Starting with SMW 1.7 and MW 1.18, we began to convert our old legacy
document system into a SMW-MW based system which right now left us
with more than 700.00 triplets stored in SMW but at the same time
decreased our response time on SMW-related queries.

Somewhere around 200.000 triplets (it does not mean the number is a
threshold)  we recognized an increased impact on query performance
where now every time we execute a query we feel the pinch.
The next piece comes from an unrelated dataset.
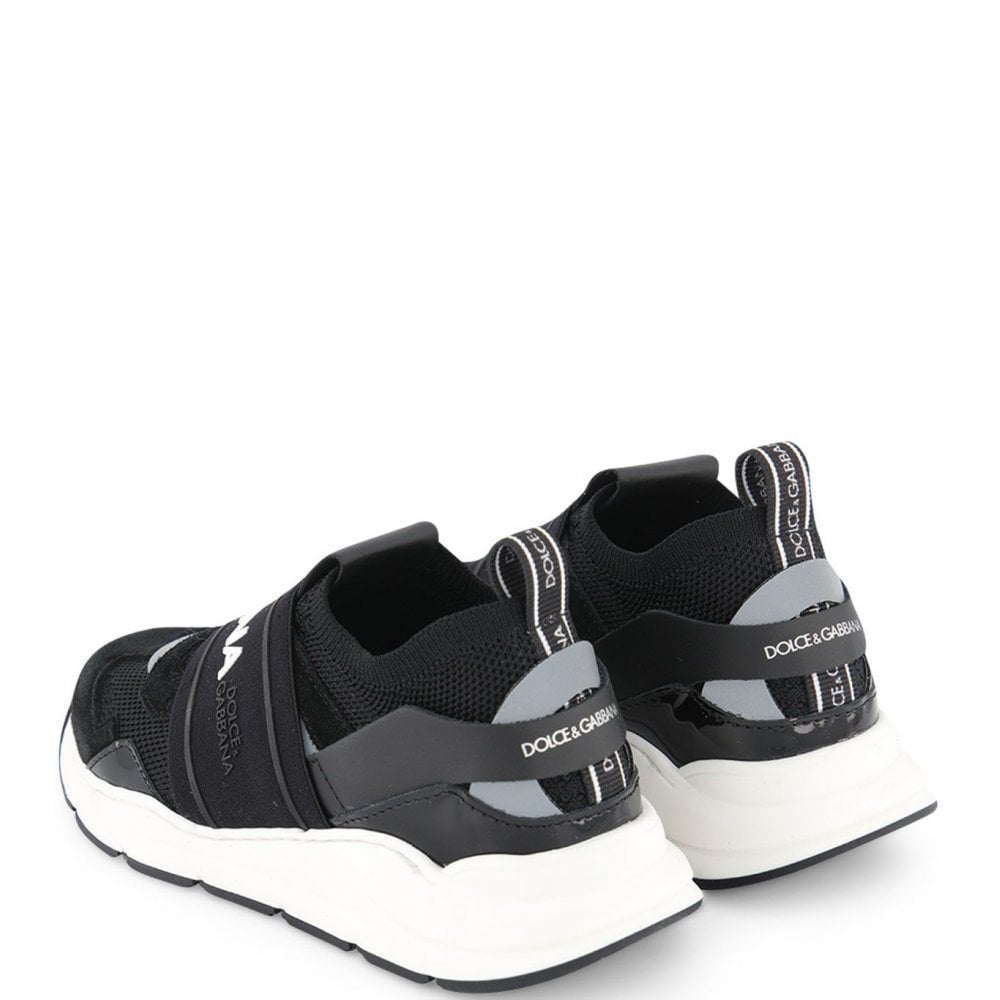 Dolce & Gabbana Baby Boys One Strap Leather Trainers Black Eu36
We are not
talking about in-template query performance as seen by the
Wikia/Familypedia example (we abandoned such practices some time ago).
Nowadays we encourage users to execute all complex queries either via
Special:Ask or provide an input form to run a RunQuery and yes we are
using APC to improve caching and response time in general.

We tried to look at external solutions such as 4Store which is not
supported on Windows, Virtuoso has no real documentation available to
make it work with SMW (at least we couldn't find one), and Jena which
seems to require SMW+ leaving us with the native SMW store itself and
we would like to keep it that way as every external software means an
additional fault point and maintenances effort.

== Architectural question ==

#1 Could their be an indexing problem on behalf of one of the primary
SMW table key indexes?

# 2 Does SMW natively support MySQL internal
query-cache-type/query-cache-size option to improve query performance?
We made sure MySQL is using query-cache-type/query-cache-size option
but somehow this don't show any effect for SMW-related queries.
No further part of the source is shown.